Norie Sato (born July 19, 1949) is an artist living in Seattle, Washington. She works in the field of public art using sculpture and various media–including glass, terrazzo, plastic film, stone, and metal–and often incorporating lighting effects, landscaping, mosaics, prints, and video. She frequently collaborates with architects, city planners, and other artists and specializes in integrating artwork and site specific design.

==Life==
Sato was born in Sendai, Japan and moved to the United States with her family when she was 4. After spending some years in Michigan she graduated from the University of Michigan with a Bachelor of Fine Arts in Printmaking in 1971. She moved to Seattle in 1972 and received her Master of Fine Arts degree in Printmaking and Video from the University of Washington in 1974. Since that time she has lived and worked in Seattle and has been involved with public art.

==Work==
Sato has managed, designed, and contributed artwork to urban infrastructure projects, parks, universities, aquatic centers, galleries, museums, transportation systems, airports, libraries, and other civic structures. She has worked extensively in light-rail public-art projects in Phoenix, Portland, Tempe, Salt Lake City, and particularly her native Seattle where she was hired by Sound Transit for its Link Light Rail project in 1998 as a system artist collaborating with fellow artists Dan Corson, Sheila Klein, and Roger Shimomura.

- Selected works
- Seattle Light Rail system at Columbia City station
- The Reflection Room at San Diego Airport
- Romare Bearden Park in Charlotte, NC
- San Francisco International Airport
- Port of Portland headquarters in Oregon
- Palmer Human Development and Family Studies Building at Iowa State University
- Spirit of Inquiry sculpture at University Drive and Rural Road Metro Station - Tempe AZ
- Artwork for Chisholm Trail Parkway in Fort Worth
- Artwork for Waterfront Seattle's Union Street East-West Connector (in progress)

==Awards==
Shortly after moving to Seattle, one of Sato's prints won a first prize at the 1973 Pacific Northwest Arts and Crafts Fair. She was awarded National Endowment for the Arts Fellowships in 1979 and 1981. She received the 1983 Betty Bowen award, the 1998 The National Terrazzo and Mosaic Association Honor Award, the 2013 Twining Humber Award from Washington State Artist Trust, the 2014 Public Art Network Leadership Award from Americans for the Arts, and the 2014 Washington State Governor's Arts and Heritage Individual Artist Award.

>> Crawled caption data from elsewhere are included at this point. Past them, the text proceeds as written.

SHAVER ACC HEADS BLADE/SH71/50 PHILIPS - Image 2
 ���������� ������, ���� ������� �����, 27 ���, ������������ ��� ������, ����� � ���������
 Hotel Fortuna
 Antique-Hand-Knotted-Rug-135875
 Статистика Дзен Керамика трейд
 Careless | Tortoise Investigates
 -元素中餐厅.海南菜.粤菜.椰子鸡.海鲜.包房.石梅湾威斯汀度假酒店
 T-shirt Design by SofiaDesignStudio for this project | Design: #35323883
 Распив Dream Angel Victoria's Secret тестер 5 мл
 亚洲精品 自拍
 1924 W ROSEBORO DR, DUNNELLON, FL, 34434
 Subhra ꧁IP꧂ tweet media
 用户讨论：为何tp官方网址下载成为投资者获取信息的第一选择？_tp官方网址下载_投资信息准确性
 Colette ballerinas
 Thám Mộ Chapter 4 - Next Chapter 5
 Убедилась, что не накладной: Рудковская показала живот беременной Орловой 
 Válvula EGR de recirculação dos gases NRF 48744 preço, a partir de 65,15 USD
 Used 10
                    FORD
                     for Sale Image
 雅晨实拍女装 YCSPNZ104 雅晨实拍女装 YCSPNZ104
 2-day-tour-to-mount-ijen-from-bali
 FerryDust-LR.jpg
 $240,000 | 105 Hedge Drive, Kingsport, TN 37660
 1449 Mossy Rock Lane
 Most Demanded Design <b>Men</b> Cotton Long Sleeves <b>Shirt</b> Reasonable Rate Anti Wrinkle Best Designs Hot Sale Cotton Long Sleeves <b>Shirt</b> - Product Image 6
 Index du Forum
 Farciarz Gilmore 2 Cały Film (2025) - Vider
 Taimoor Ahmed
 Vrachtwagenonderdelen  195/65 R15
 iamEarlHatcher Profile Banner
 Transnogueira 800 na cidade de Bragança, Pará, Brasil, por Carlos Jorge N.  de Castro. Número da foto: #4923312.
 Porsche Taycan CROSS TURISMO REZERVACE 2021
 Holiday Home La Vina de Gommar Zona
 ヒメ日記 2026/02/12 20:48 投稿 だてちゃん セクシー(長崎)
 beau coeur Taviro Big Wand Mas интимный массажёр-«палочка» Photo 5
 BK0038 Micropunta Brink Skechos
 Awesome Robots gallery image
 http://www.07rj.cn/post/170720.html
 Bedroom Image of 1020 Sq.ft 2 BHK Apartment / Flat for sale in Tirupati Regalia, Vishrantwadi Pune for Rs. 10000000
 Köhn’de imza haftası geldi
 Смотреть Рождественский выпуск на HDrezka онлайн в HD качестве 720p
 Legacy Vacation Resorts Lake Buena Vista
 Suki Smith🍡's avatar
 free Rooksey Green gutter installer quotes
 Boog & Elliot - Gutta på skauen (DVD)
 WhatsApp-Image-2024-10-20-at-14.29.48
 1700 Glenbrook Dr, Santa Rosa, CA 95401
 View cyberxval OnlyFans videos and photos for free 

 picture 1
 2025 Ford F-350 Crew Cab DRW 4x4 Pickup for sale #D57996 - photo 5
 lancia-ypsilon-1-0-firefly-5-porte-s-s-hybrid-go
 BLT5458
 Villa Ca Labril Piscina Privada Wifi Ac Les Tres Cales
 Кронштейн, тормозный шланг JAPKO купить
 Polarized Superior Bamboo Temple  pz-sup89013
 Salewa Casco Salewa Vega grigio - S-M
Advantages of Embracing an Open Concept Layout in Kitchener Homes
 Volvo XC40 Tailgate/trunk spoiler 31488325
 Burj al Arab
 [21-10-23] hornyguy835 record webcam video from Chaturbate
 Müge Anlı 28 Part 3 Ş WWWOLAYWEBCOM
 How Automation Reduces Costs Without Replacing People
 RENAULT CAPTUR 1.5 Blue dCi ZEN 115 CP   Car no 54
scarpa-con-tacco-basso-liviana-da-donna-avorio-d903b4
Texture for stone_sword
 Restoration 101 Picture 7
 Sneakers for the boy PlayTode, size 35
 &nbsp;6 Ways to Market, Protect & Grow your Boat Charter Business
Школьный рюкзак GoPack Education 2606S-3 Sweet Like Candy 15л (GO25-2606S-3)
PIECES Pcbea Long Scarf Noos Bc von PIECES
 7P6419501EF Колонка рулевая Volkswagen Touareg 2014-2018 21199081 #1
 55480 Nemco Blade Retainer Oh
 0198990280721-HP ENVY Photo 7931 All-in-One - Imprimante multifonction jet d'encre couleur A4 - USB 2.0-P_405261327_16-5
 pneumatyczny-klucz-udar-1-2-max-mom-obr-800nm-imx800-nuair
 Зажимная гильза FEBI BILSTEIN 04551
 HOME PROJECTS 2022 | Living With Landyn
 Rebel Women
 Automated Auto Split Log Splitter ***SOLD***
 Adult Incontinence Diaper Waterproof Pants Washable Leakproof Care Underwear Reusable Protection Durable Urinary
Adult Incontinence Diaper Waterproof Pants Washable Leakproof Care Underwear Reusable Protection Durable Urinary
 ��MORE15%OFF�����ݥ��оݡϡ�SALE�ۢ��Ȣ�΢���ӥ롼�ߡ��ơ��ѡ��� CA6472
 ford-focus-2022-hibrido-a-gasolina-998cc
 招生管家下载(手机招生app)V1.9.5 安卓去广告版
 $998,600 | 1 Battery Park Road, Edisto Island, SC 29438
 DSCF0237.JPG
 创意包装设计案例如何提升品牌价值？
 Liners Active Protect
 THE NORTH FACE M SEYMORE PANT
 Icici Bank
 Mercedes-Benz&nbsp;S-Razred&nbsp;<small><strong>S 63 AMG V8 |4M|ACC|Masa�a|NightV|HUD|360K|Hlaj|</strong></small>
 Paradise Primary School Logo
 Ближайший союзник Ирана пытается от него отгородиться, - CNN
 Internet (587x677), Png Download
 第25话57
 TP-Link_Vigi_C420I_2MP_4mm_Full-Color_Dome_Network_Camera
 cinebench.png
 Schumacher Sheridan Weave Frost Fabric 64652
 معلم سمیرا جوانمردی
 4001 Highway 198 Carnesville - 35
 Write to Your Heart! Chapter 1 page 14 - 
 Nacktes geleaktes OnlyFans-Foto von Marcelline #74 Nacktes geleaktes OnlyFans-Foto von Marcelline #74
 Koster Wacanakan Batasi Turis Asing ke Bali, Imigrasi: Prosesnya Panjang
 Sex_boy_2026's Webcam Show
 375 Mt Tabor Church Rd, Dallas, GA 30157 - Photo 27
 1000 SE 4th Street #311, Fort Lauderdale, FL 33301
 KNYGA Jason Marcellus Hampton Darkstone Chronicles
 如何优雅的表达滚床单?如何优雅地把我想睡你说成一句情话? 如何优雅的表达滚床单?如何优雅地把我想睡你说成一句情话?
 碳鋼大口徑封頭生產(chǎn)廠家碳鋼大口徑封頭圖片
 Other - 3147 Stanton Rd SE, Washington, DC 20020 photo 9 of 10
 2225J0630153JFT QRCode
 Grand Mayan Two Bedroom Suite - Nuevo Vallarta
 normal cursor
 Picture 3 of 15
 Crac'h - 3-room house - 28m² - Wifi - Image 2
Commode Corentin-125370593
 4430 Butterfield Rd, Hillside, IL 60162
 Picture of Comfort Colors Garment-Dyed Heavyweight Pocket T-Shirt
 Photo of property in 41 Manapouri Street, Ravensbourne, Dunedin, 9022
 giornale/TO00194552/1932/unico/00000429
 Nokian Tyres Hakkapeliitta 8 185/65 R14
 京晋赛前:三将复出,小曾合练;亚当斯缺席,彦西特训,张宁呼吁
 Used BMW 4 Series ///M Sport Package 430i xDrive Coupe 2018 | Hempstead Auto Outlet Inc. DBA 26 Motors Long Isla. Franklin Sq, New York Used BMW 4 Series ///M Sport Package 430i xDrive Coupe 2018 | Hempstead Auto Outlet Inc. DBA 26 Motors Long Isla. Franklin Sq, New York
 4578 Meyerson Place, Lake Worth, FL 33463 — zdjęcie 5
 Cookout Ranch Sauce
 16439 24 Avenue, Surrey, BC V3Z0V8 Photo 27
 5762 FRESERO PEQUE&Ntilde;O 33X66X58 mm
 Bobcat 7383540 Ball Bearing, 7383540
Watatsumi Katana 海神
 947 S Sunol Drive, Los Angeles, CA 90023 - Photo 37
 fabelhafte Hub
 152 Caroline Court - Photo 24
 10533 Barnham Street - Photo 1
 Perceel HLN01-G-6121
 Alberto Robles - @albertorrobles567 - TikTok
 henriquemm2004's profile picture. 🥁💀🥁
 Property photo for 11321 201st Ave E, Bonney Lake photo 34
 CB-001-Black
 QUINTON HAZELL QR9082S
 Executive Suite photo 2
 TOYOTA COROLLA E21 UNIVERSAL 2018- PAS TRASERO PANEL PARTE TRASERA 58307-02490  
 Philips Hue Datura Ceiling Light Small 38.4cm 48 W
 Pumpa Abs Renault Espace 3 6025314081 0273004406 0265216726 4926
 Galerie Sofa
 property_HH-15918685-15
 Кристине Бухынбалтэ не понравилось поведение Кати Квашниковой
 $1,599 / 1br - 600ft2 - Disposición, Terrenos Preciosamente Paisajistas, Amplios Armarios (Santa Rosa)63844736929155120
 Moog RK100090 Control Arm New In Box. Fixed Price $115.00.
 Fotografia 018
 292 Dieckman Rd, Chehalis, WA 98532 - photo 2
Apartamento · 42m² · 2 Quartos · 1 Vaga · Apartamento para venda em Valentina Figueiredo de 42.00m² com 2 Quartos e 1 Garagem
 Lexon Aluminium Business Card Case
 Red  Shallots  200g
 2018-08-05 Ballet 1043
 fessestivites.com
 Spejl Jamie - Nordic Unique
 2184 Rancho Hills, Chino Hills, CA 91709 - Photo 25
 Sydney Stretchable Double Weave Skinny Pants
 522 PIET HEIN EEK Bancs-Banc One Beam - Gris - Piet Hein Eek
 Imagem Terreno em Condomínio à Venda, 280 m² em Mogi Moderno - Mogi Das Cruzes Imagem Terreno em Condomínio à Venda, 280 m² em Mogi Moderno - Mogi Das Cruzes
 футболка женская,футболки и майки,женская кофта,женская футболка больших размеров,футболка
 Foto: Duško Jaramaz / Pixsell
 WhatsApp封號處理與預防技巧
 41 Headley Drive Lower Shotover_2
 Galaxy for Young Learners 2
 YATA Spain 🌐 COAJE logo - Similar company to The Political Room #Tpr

Sato served on the Visual Arts Advisory Panel for the NEA in 1983. She is a former member of the Americans for the Arts Public Art Network Council.

She is a commissioner of the Seattle Design Commission. In 2024, she voted in opposition to replacing a parking garage next to the Pacific Science Center into a 151-unit apartment building, arguing the apartment building will be a "massive presence [that is] missing any articulation that brings delicacy."